# [Task input]
*** Begin section ***

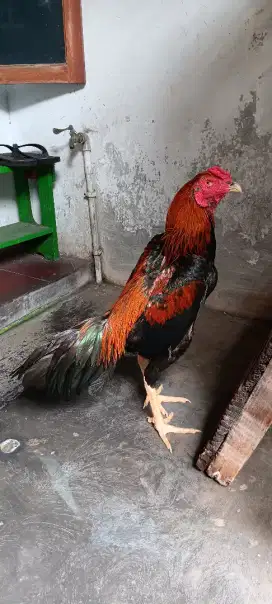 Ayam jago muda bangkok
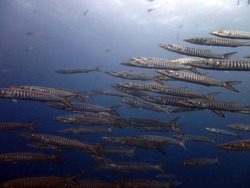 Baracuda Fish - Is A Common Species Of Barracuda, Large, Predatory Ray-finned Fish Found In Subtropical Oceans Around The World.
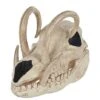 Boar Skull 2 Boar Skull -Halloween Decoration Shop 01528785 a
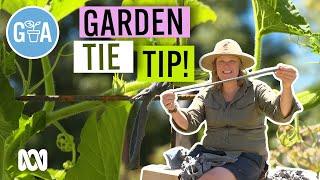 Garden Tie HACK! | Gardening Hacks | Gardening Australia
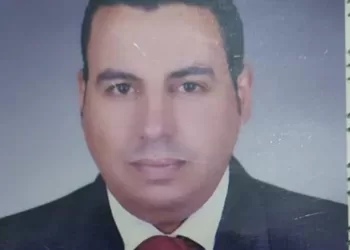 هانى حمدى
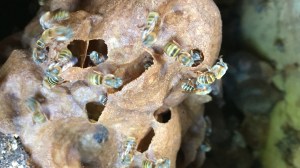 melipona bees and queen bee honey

*** End section ***
*** Begin section ***

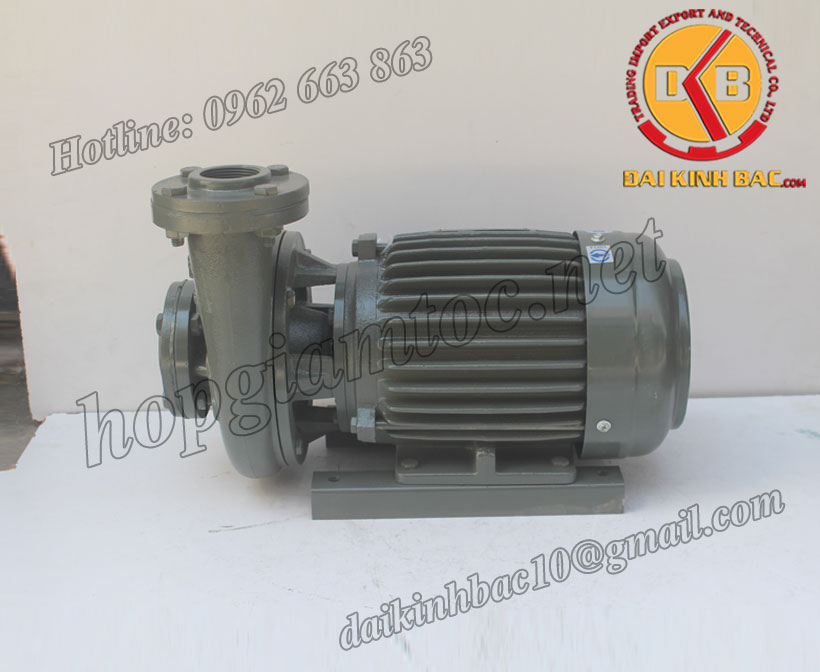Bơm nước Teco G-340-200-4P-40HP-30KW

*** End section ***

What you return from the records above should be exactly everything from the line with "Ayam jago muda bangkok" down to the line with "melipona bees and queen bee honey", both kept, and no pictures.

 Ayam jago muda bangkok
 Baracuda Fish - Is A Common Species Of Barracuda, Large, Predatory Ray-finned Fish Found In Subtropical Oceans Around The World.
 Boar Skull 2 Boar Skull -Halloween Decoration Shop 01528785 a
 Garden Tie HACK! | Gardening Hacks | Gardening Australia
 هانى حمدى
 melipona bees and queen bee honey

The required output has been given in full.